▸ **EXERCISE AIM**
Retype, word for word, every line of the records below starting at the one that contains "8000mAh, μπλε DOOGEE" and ending at the one that contains "Cargo ship loaded"; include both of those lines and nothing more.

[SUPPLIED MATERIAL]

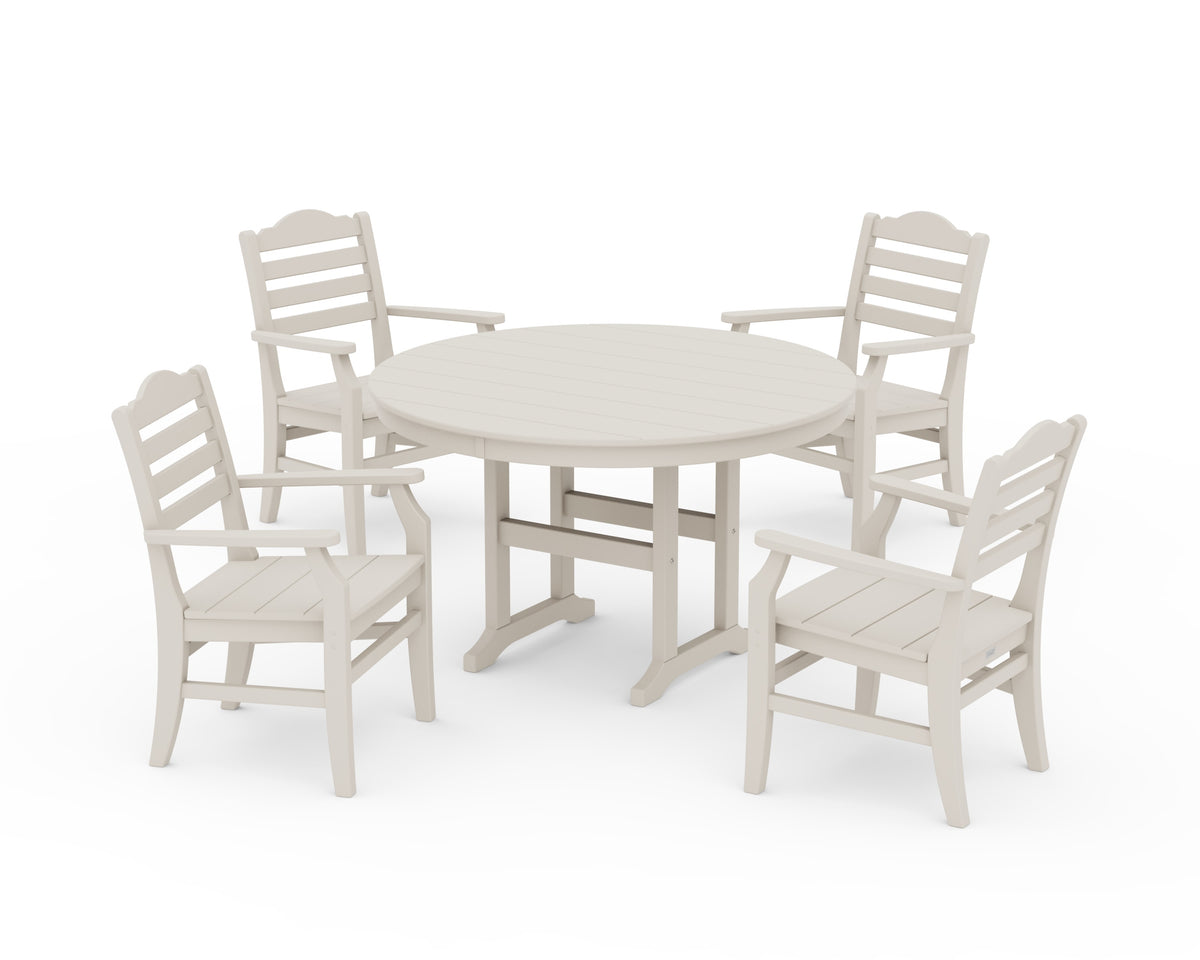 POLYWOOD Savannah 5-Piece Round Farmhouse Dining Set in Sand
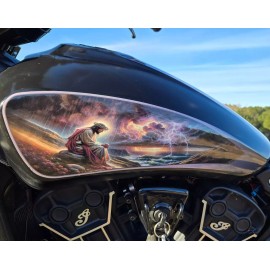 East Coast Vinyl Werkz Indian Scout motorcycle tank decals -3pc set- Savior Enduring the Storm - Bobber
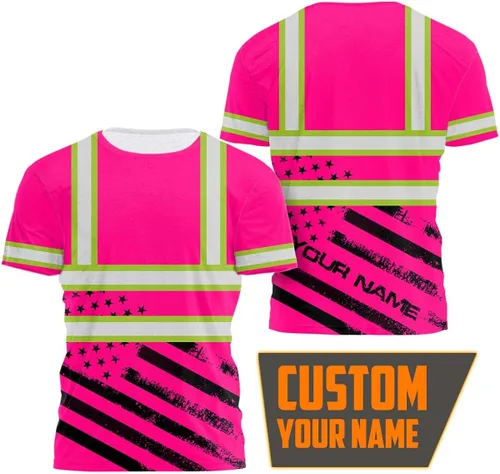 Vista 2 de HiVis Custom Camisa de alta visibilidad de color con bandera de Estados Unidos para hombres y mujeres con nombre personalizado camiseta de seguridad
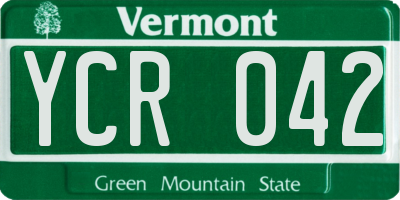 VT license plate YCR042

[/SUPPLIED MATERIAL]
[SUPPLIED MATERIAL]

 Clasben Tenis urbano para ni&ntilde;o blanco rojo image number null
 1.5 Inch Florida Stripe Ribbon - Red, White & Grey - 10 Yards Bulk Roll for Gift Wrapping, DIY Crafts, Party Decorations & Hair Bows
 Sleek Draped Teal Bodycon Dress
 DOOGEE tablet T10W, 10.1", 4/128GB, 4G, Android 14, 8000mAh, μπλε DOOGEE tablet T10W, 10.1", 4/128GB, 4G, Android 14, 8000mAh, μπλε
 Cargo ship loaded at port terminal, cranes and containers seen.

[/SUPPLIED MATERIAL]

▸ **RESPONSE AREA**
 DOOGEE tablet T10W, 10.1", 4/128GB, 4G, Android 14, 8000mAh, μπλε DOOGEE tablet T10W, 10.1", 4/128GB, 4G, Android 14, 8000mAh, μπλε
 Cargo ship loaded at port terminal, cranes and containers seen.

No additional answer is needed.